Eileen argues that her defense of being an innocent spouse involves the same facts and issues as her defense to the tax liens being asserted against her by the IRS in the bankruptcy court. Thus, she reasons, it would be more efficient to try all such issues in the bankruptcy court. The tax liens appear to be based on income which allegedly came from Palmer's drug endeavors, and thus there is some factual overlap with the innocent spouse defense in the forfeiture cases. However, there are some differences in the legal standards to be applied in the IRS claims and these forfeiture cases.
It is clear that neither the district court or the bankruptcy court is a perfect forum. Whether these cases are tried in this court or the bankruptcy court, there is likely to be some duplication of efforts.

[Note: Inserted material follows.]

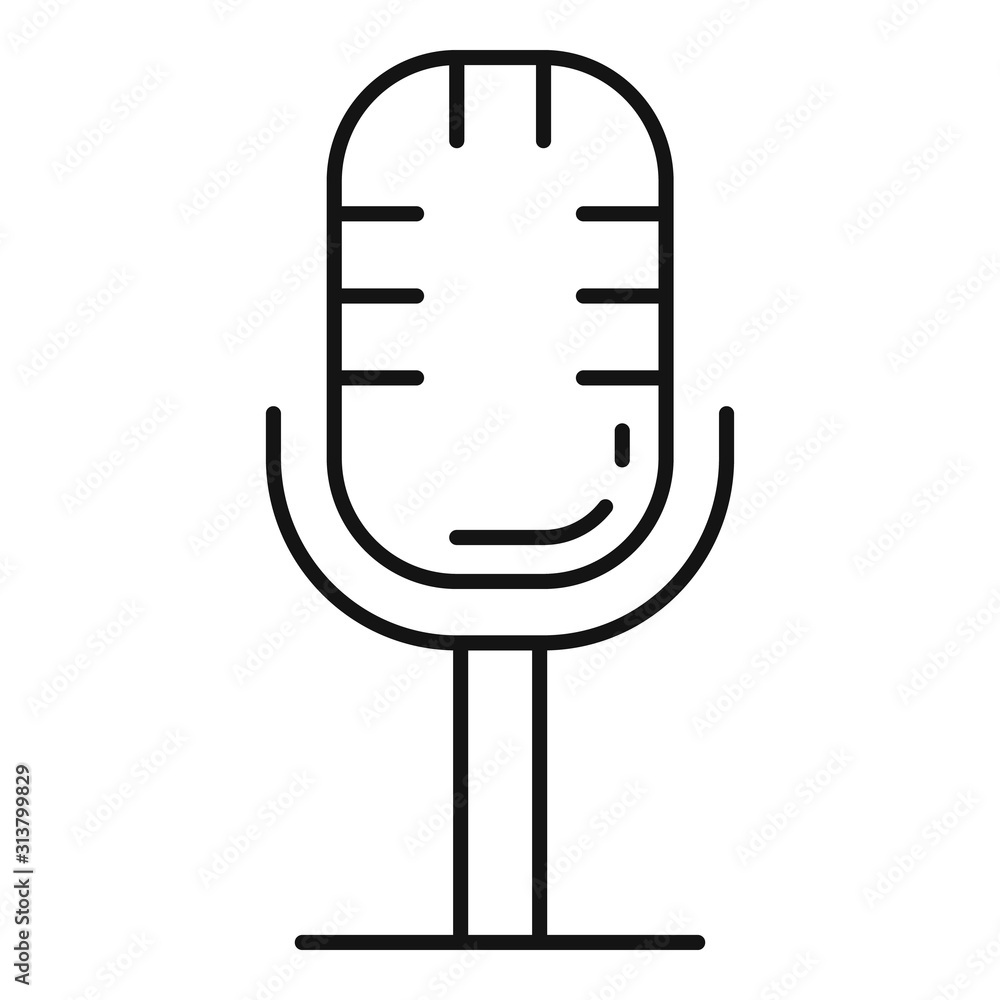 Sticker studio microphone icon. outline studio microphone vector icon for web design isolated on white backg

However, I find that trial in the district court is likely to cause less duplication and delay than trial in the bankruptcy court, and therefore the district court is the more efficient forum.
For all of these reasons, I find that it is advisable to withdraw reference of these forfeiture cases from the bankruptcy court. However, at present the automatic stay prevents the resolution of Eileen Crowell's claims in the forfeiture cases. Therefore, the course of future proceedings is to some extent contingent on the bankruptcy court granting the government's motion for relief from the stay. Furthermore, I anticipate that withdrawal of reference will not remain necessary after the trial of the forfeiture issues. At that time, I would entertain a motion to refer any remaining issues regarding the priority of interests to the bankruptcy court.
CONCLUSION
Eileen Crowell's motions to refer these civil forfeiture cases to bankruptcy court are denied. The reference of these cases to bankruptcy court is withdrawn pursuant to 28 U.S.C. § 157(d).